THE INFIRMARY
Enter a richly poetic experience, submit to the caring hands of others and contemplate your mortality. Set in a hospital ward, The Infirmary invites you to give yourself over to a uniquely sensorial encounter that considers life and death as science and mystery. Can we ever be ready to die? How do we imagine our final hours? What might we feel or think at the threshold between life and death? Is there some value in practising for death? The Melbourne Critique spoke with Katerina Kokkinos-Kennedy, Artistic Director of Triage about this unsettling performance, and the illusive nature of life and death.
How have you gone about creating a work, which claims to be a uniquely sensorial encounter?
Does society more broadly need to engage further in contemplation and conversation surrounding death and passing, where does art exist within this area?
Western society tends to banish illness and death from sight – and therefore, human vulnerability. By approaching the outer limits of life (the moment when we are bed-bound and cared for by others) the work functions as a memento mori, Latin for ‘remember that you [have to] die’. Art has always had a unique role to play in terms of staging the impossible, the untenable or the unimaginable. Theatre – as plays and more recently as live art and immersive practice – is also founded on this interest. Immersive works aim to bring audiences closer to tangible bodily and affective experiences that remain abstract for many of us (war, conflict, death, loss, et al.). Society has, in the last decade, turned its attention towards death: practices such as pre-death funeral celebrations, a rekindled interest in traditional wakes, and special burial rites all signal the need to think and talk about these key aspects of human life in much more detail. It’s like we’re finally happy to address the end. We all feel comfortable with births, and marriages – but death has been a big downer. But what if it’s actually another stage? The end or not the end, depending on your beliefs and experiences? This attention also suggests maturation and the capacity to deal with the full spectrum of life.

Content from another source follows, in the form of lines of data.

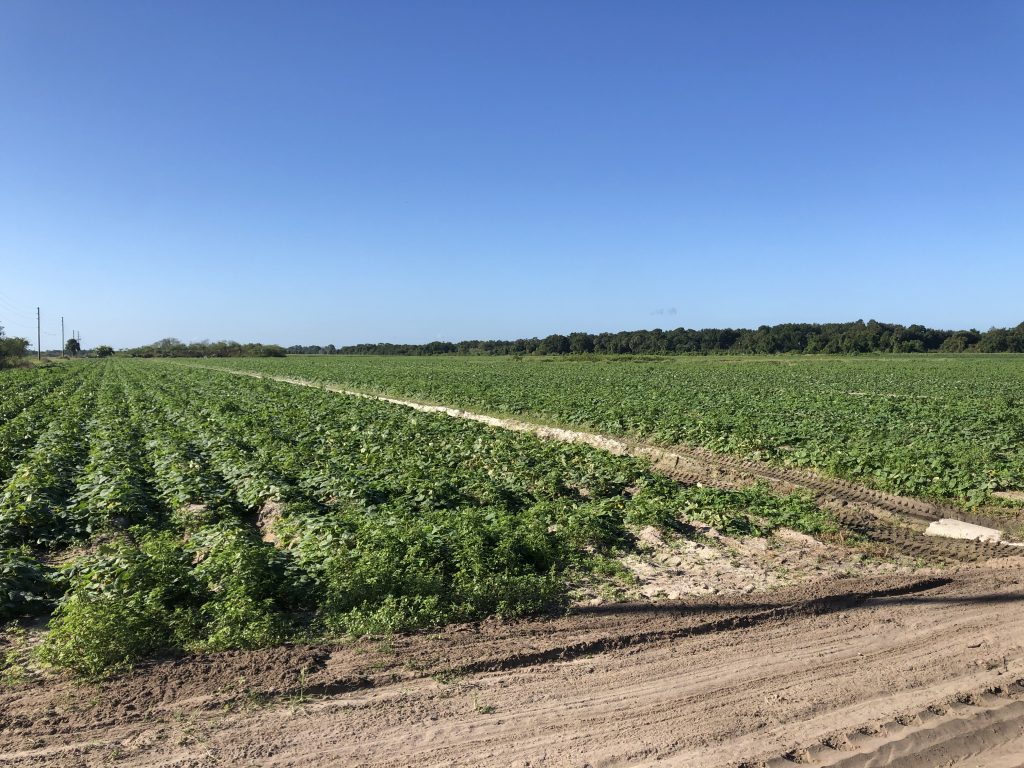 Farm Central Florida 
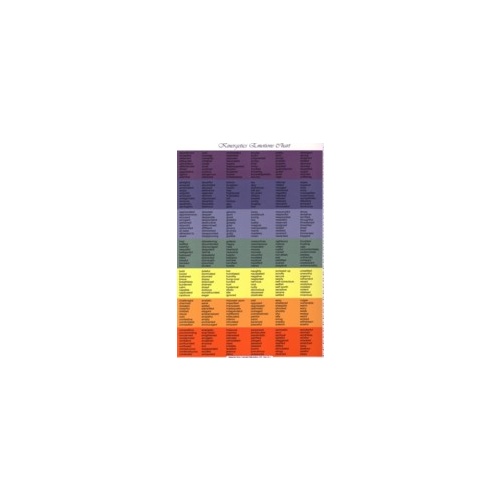 Kinergetics Emotion Chart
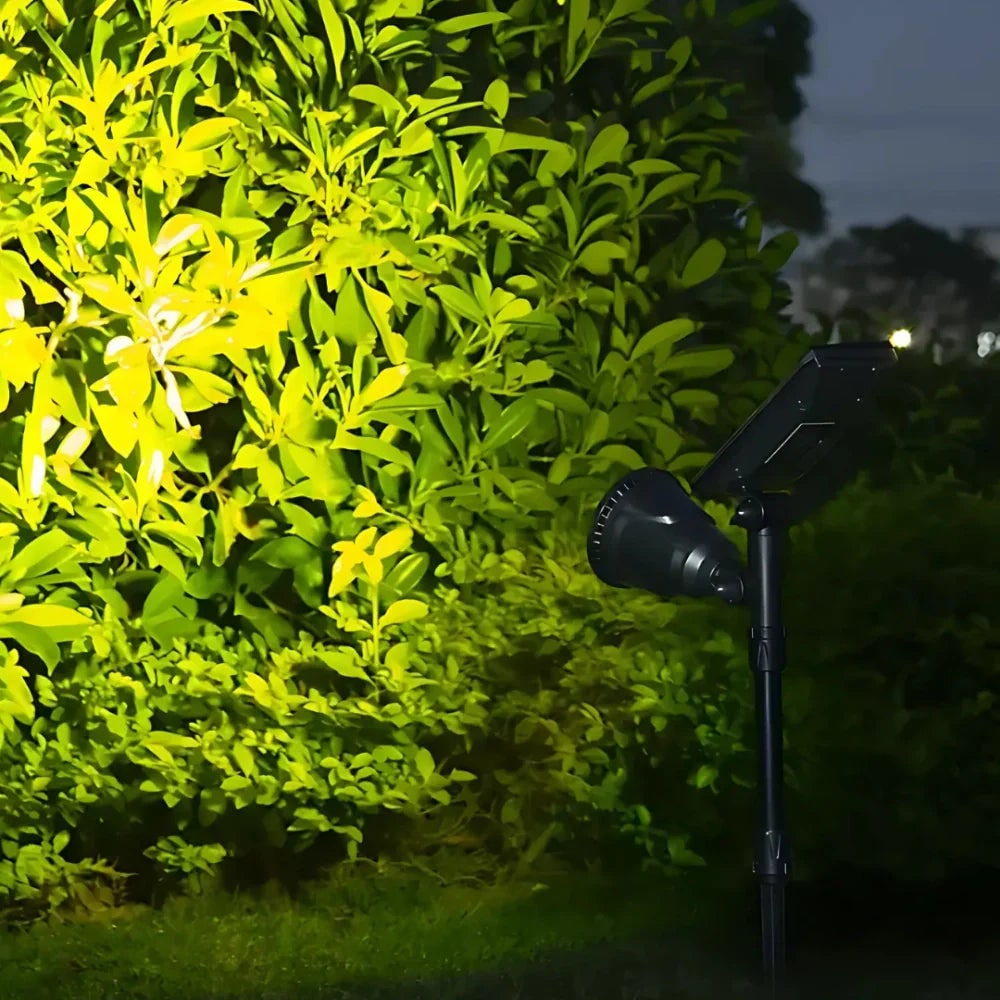Outdoor Solar Lights with Adjustable Spotlight and Landscape Lighting - Image 15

How do you imagine your final hours, and if you were to die tomorrow, has your life left you feeling fulfilled?
The idea of leaving this world – which is bright and beautiful as well as being ‘full of terrors’ is something to consider. The Tibetan Buddhists exhort one another to think about death seven times a day – something that is a helpful reminder of being here and not being here. In a funny way, I was lucky enough to be close to death in my 30s. This experience, whilst being traumatic and painful – was also life changing. it gave me a lot. It made me braver, less afraid. I got to practice the end, and was fortunate to live beyond it. I think these experiences are transforming – and if you’ve had this kind of an experience – there’s a strong urge to share the insights that came with it. What are they? Live your life to the fullest. Don’t allow fear to stop you doing what you want to do. Love the people close to you. Be grateful. And let go of things and people that don’t serve you. Life is an immense gift.
How do wish this work, to affect audiences. is it in emotion or in sensibilities?
The work is designed to put audiences at ease and to place them at the centre of the performance event. This means that we look after them, provide ideas for their minds and experiences for their bodies. In my work the audience is almost always the protagonist, the centre of the drama – rather than the witness. This is a key element of immersive performance and one that enables audiences to traverse a wide range of thoughts, feelings, and bodily sensations as they grapple with their circumstances and the artistic materials we provide. There is no ‘wish’ for the audience – as each person is unique – but what is essential is that they feel invited into the event, and are free to roam within it (in terms of their thoughts and emotions). They may leave having had an encounter which points them back to the rough magic of art as a means to mirroring the largess of life. But there are no guarantees or shoulds.
What if art died, and we kept going, is this a concept able to be grasped?
Art can never die. We are art machines. Humans are hard wired and soft wired to make stuff. All kinds of stuff. This is the fascinating thing about us – we are story-makers and story-tellers.